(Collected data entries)
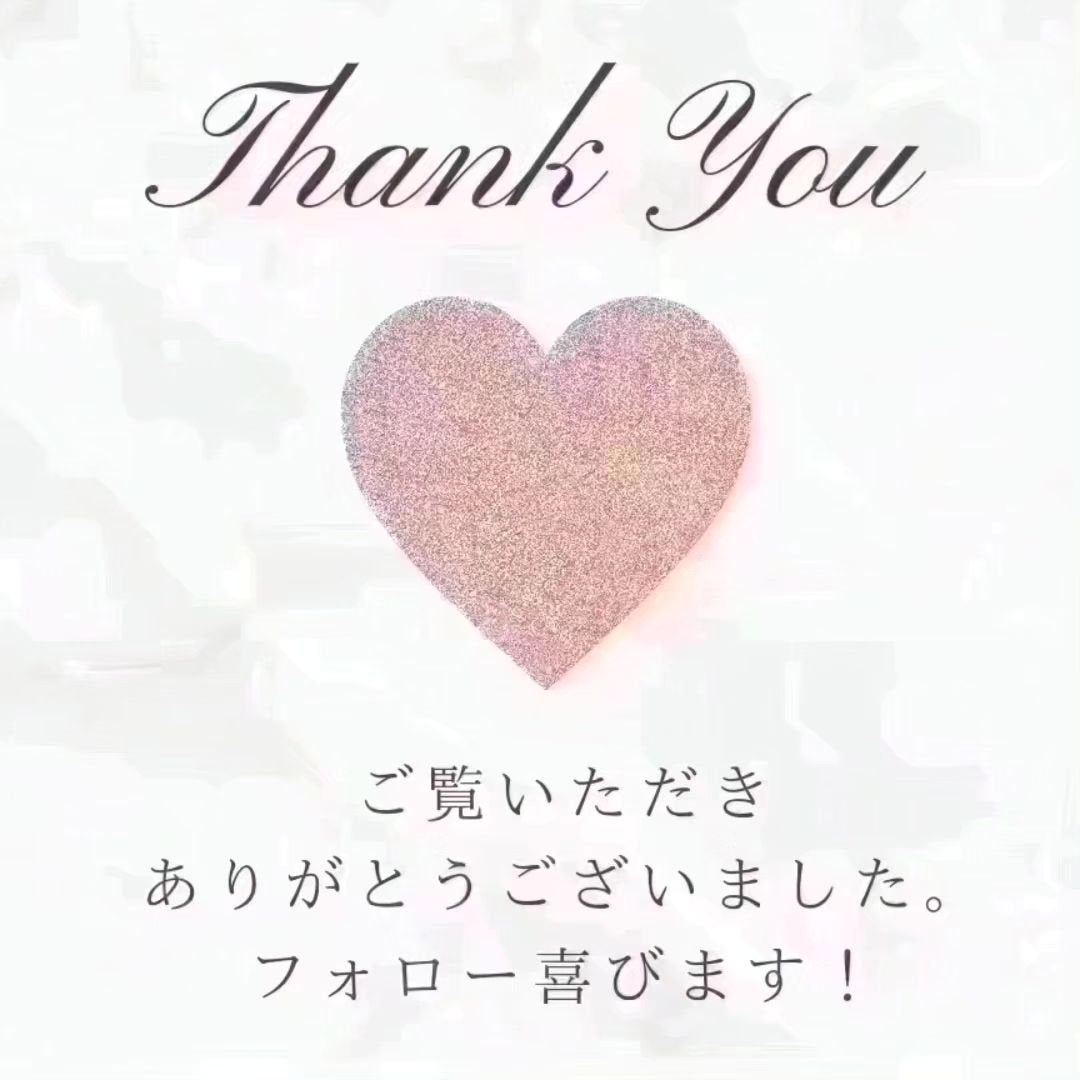 Upt WATERY SHEER LIP /Upt/口紅を使ったクチコミ(6枚目)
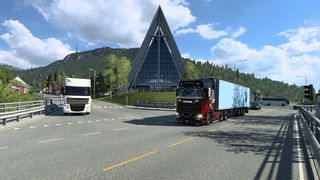 Image by RaMMaX_ZerO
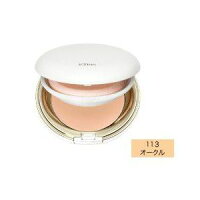 ソフィーナ ファインフィット ベースファンデーションUV しっかりカバータイプ (レフィル) SPF33・PA++ 《113N オークル》 10g 【花王】 返品キャンセル不可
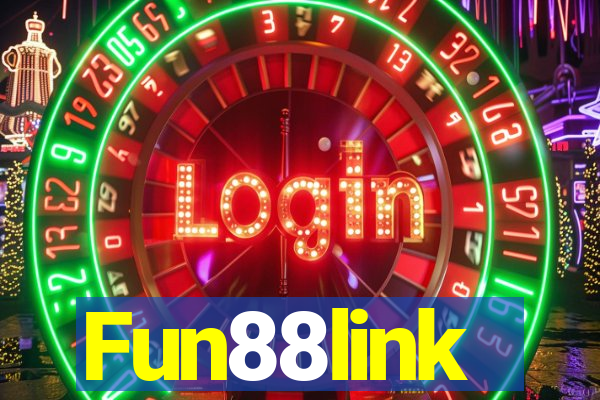Fun88link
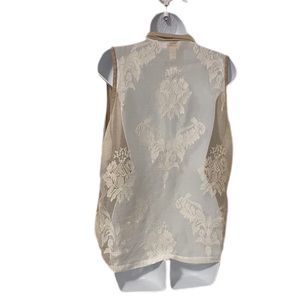Chico's‎ top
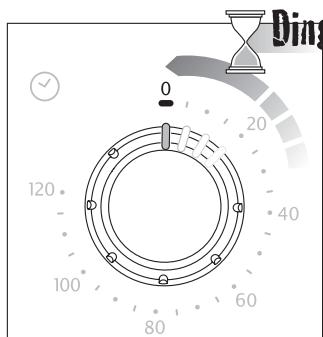 DELONGHI E02431 - Mise au rebut - 46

- Problem -
When you return the records, keep every word unchanged and drop the pictures.

- Task result -
 Upt WATERY SHEER LIP /Upt/口紅を使ったクチコミ(6枚目)
 Image by RaMMaX_ZerO
 ソフィーナ ファインフィット ベースファンデーションUV しっかりカバータイプ (レフィル) SPF33・PA++ 《113N オークル》 10g 【花王】 返品キャンセル不可
Fun88link
Chico's‎ top
 DELONGHI E02431 - Mise au rebut - 46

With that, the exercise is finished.